After the announcement by President Bush at the White House, the American Civil Liberties Union said it had "deep concern about some of the civil liberties positions advocated by" Roberts.
The ACLU said Roberts, while serving as principal deputy solicitor general from 1989-1993, "authored briefs calling for Roe vs. Wade to be overruled, supporting school graduation prayer and seeking to criminalize flag burning as a form of political protest."
The National Right to Life Committee's legislative director, Douglas Johnson, said, "Liberal pressure groups will insist that Senate Democrats filibuster against Judge Roberts, unless he pledges in advance to vote against allowing elected legislators to place meaningful limits on abortion. Millions of Americans will be watching to see if the Democratic senators bow to these demands."

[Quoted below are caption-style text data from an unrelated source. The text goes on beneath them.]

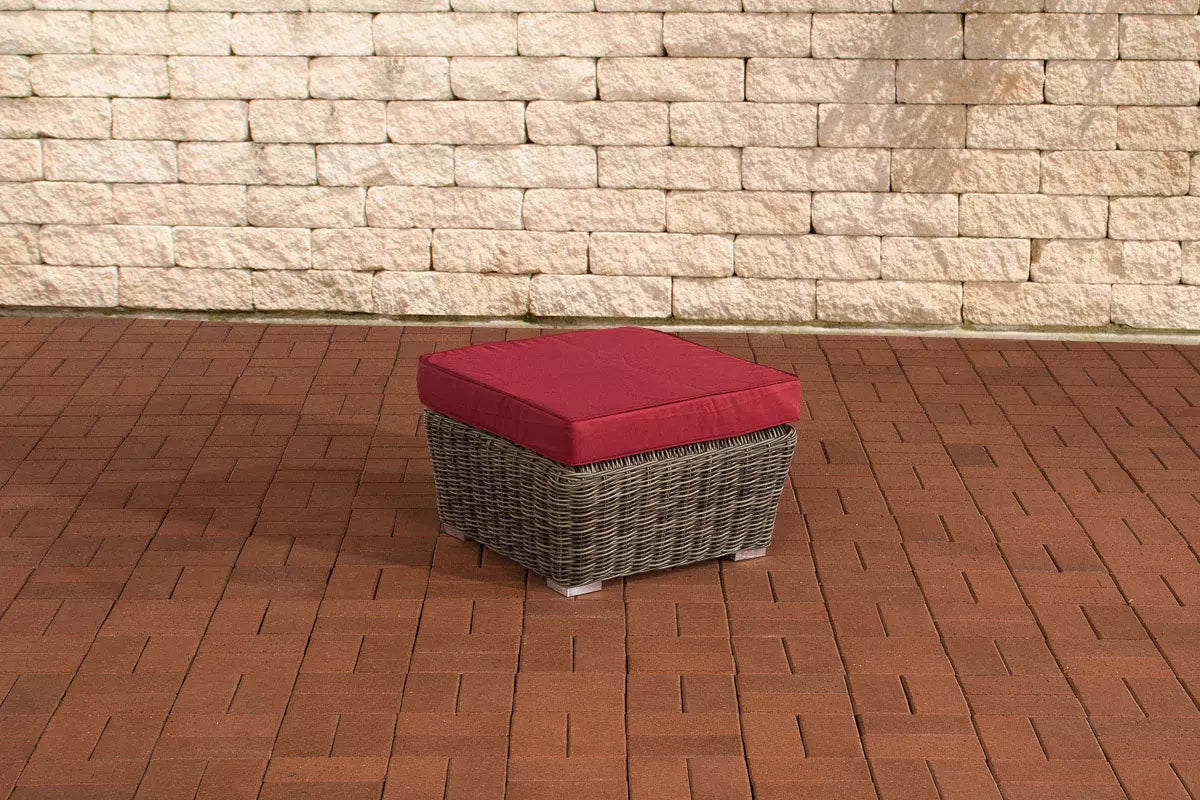 In And OutdoorMatch Voetenbank loungeset Tamia - Voor buiten - Kruk - Poef - Tuin - Rood - 59x59x30cm Hocker / Poef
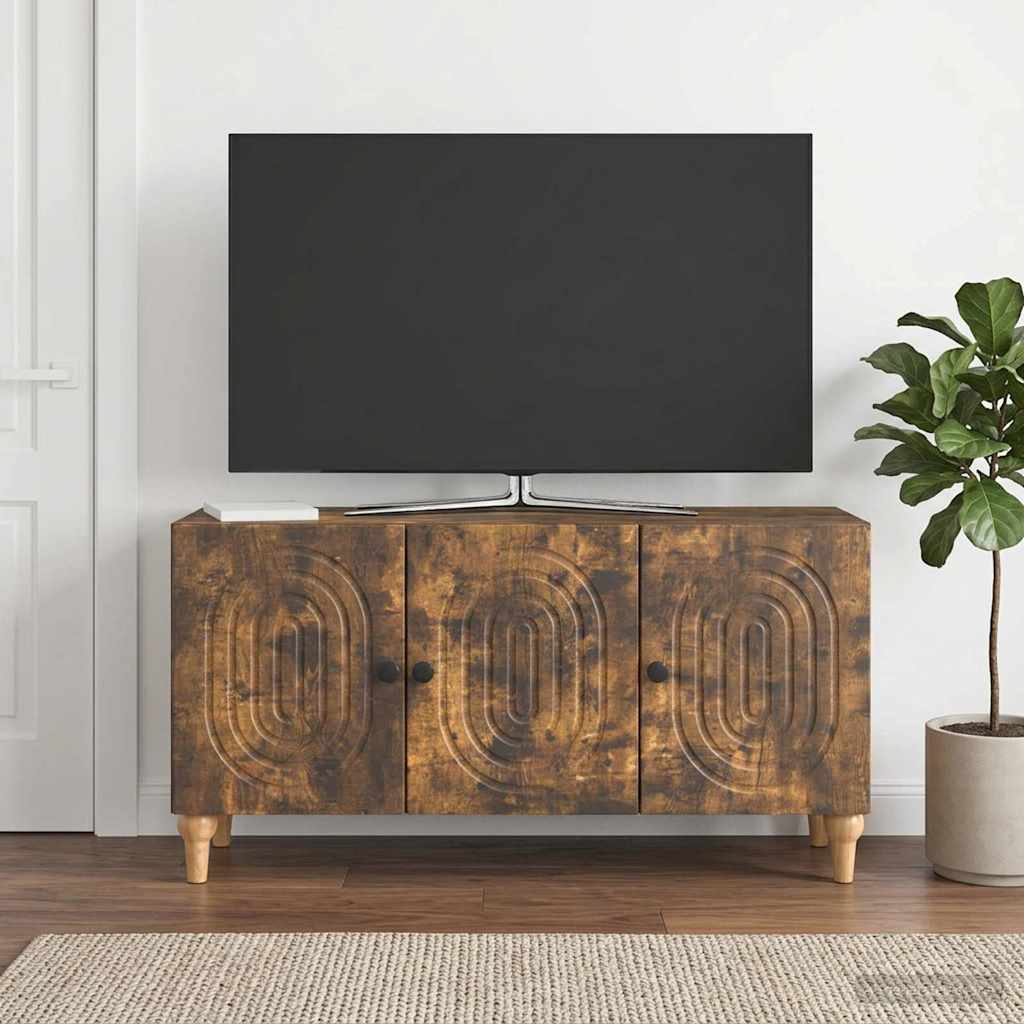 TV-skab 99 x 34,5 x 50 cm Røget eg Konstrueret træ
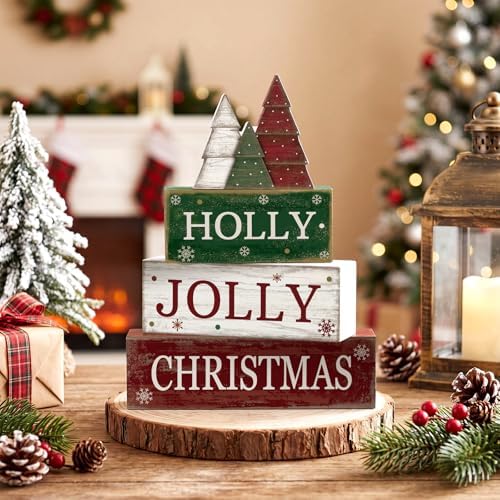 Moucuny 4 Pcs Christmas Centerpiece Wood Block Signs Holly Trees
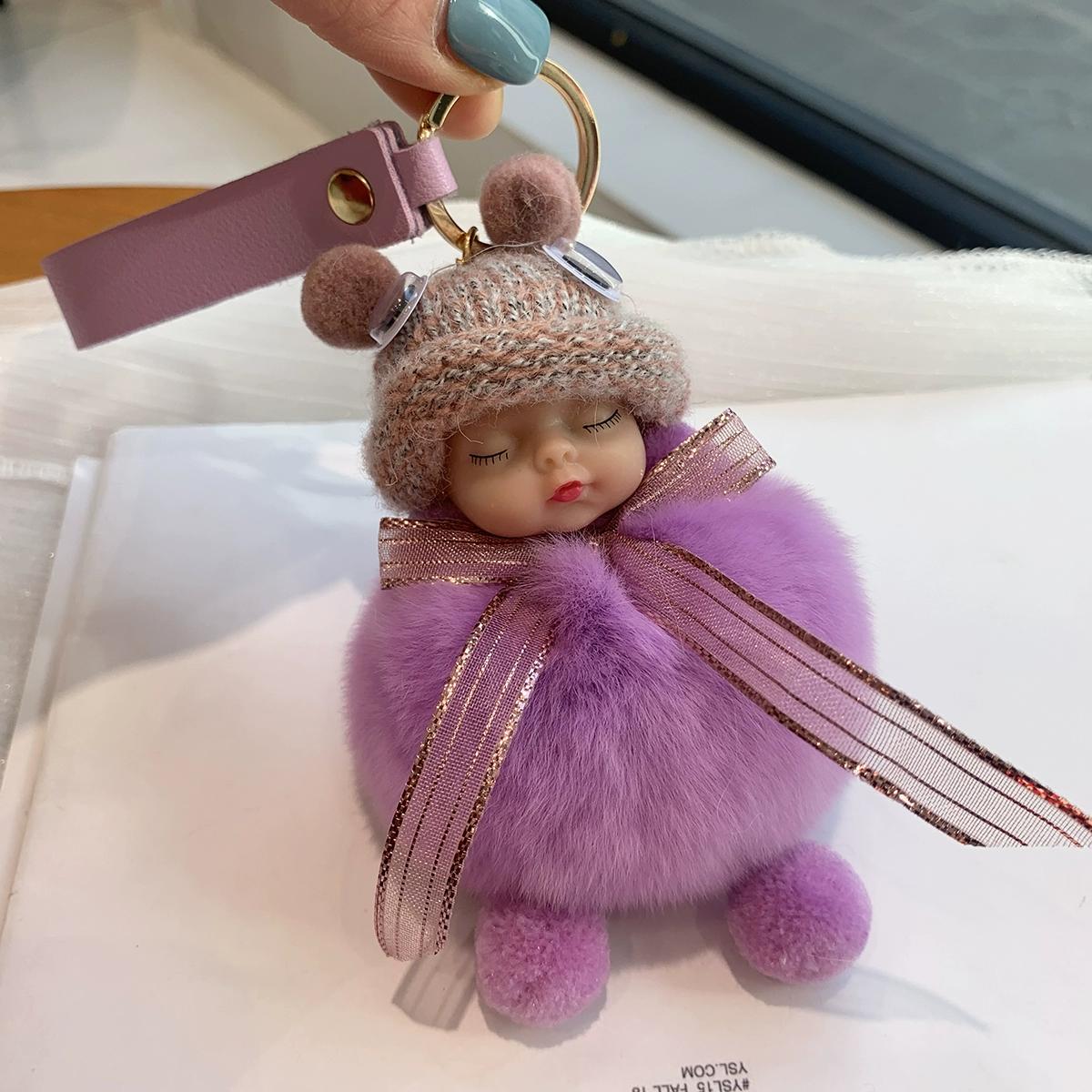 

Кукла для сна Брелок для ключей от машины Интернет-знаменитость Милый плюшевый кулон Кукла Брелок Пушистый шар Подвеска для сумки Леди светло-фиолетовый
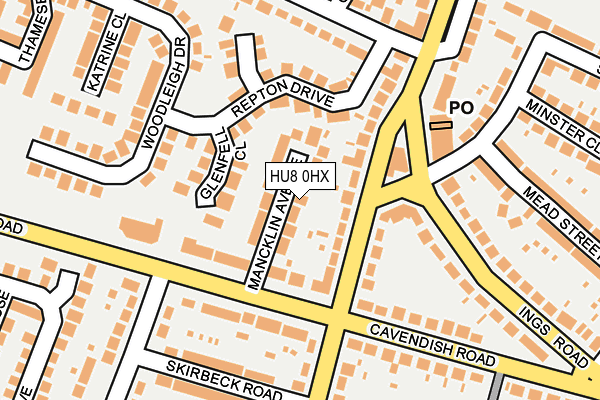 HU8 0HX map - OS OpenMap – Local (Ordnance Survey)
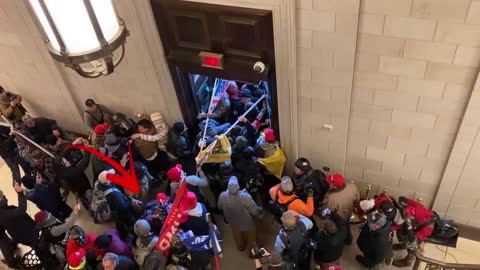 MaroonPB Breaching Main Capitol Doors at 2:38 p.m.
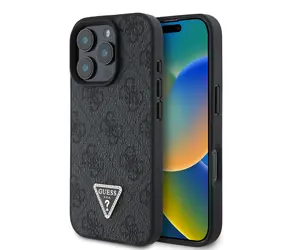 Guess PU 4G Strass Triangle Metal Logo Zadní Kryt pro Apple iPhone 16 Pro Max černá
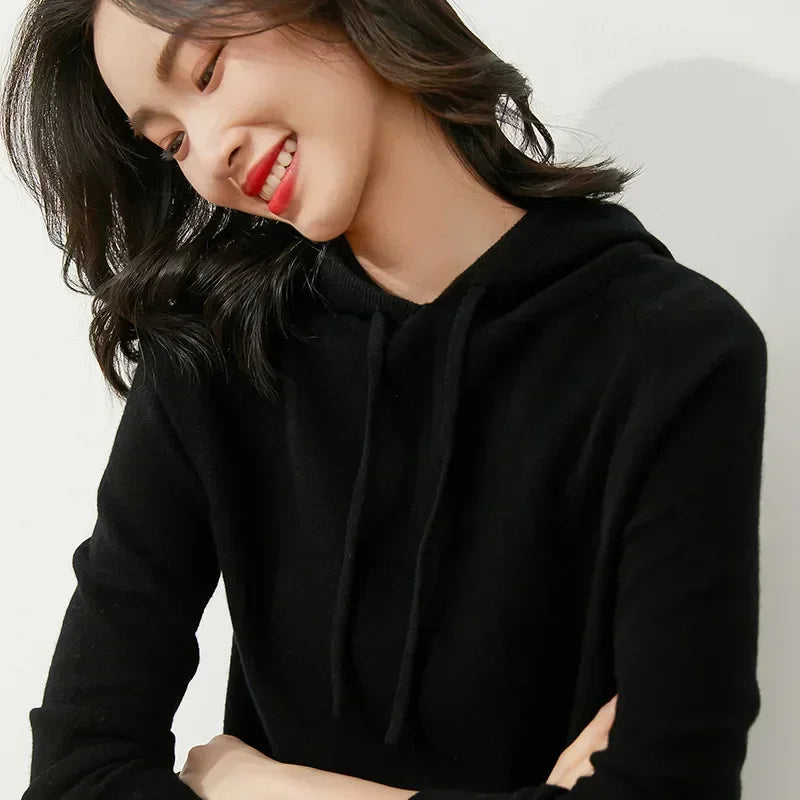 Women's Autumn and Winter New Casual Hoodies Sport Loose Hooded Knitted Hoodie Pullover Sweater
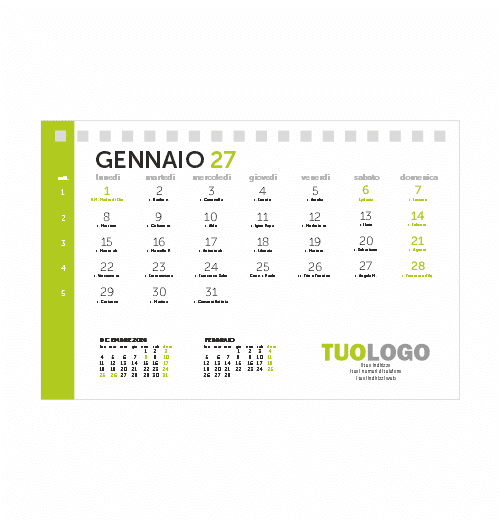Calendario da scrivania 15x10 - Modello 18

Sen. Dick Durbin, D-Ill., said Bush "had an opportunity to unite the country with his Supreme Court nomination, to nominate an individual in the image of Justice Sandra Day O'Connor. Instead ... President Bush has chosen a more controversial nominee and guaranteed a more controversial confirmation process."
The Leadership Conference on Civil Rights wondered if Roberts would be a Justice Antonin Scalia in O'Connors' robes.
But the Center for Individual Freedom called Roberts an "outstanding nominee."